Vamos ao básico – sustendo a inquietação que suscita termos de dar esse passo atrás. Ao contrário das tiranias, as nossas repúblicas não se definem pelas pessoas que as governam, mas pela aceitação (por parte de todos) das regras de acesso e fiscalização do poder político. Dito de outro modo, a solidez de uma democracia não se avalia só pela forma como se ganha, mede-se sobretudo pela forma graciosa como se perde. Foi esse o alerta que lancei logo na noite das eleições americanas: por mais que não se goste de Trump (e há muito para não gostar), importa reconhecer a sua legitimidade para liderar os EUA. Porque, no acto da concessão de derrota por parte dos adversários, não estão em causa Trump ou Clinton, mas as regras que enquadram o regime – o processo eleitoral, a soberania popular, os freios e contrapesos institucionais. Sim, nessa noite eleitoral, Hillary Clinton não esteve à altura das circunstâncias – como, antes dela, estiveram John McCain ou Al Gore. Mas, pior, é constatar, passados dois meses, que tantos, para contestar Trump, estão disponíveis para questionar o regime que lhes garante as suas liberdades. A maior ameaça à democracia está aí, não em Trump.

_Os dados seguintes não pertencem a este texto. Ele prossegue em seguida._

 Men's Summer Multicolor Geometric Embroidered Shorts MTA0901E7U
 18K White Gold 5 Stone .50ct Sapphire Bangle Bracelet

Já se sabe que, da direita nacionalista à esquerda revolucionária, encontram-se muitos fãs de Donald Trump. Porque partilham alguns dos seus ideais políticos? Em parte, sim. Mas, no fundamental, para os populistas que celebram o novo presidente americano, o ponto nunca foi Donald Trump em si – as suas ideias, as suas políticas, as suas bandeiras. Interessa-lhes a contestação que ele gera. Encanta-os o enfraquecimento das instituições democráticas, disputadas nas ruas. Agrada-lhes o ambiente de crispação que legitima as críticas populistas e o diagnóstico de fracasso das democracias abertas e liberais. Importa-lhes o entrincheiramento do debate, que dobra as regras institucionais e quebra os consensos sociais estabelecidos. Para eles, quanto pior, melhor. E a campanha já está nas ruas. Numa ponta do mundo, Michael Moore encabeça protestos contra o Colégio Eleitoral e clama em glória que o “verdadeiro poder” está nas ruas. Na outra ponta, Boaventura de Sousa Santos (sempre ele), a propósito de Trump, explica que “a democracia que temos não tem futuro”. Nada de novo – já vimos este filme antes, contra George W. Bush. Hoje, o ódio a Donald Trump é o novo terreno fértil para plantar as velhas ideias anti-liberais, anti-democráticas e anti-capitalistas.
Preparemo-nos, pois, que os anos de Trump serão difíceis. Por causa do óbvio – o próprio Trump, cuja visão proteccionista (na economia), distanciamento para com a União Europeia e dúvidas quanto à relevância da NATO imporão consequências imprevisíveis à Europa (e Portugal). E por causa do menos óbvio – a quantidade de inimigos da liberdade que, apropriando-se dos protestos contra Trump, encontrarão novos militantes para as suas ideias revolucionárias. Já há, felizmente, muita gente a levar os perigos de Trump a sério. Mas ainda há, infelizmente, muito pouca gente acordada para os perigos dos seus inimigos.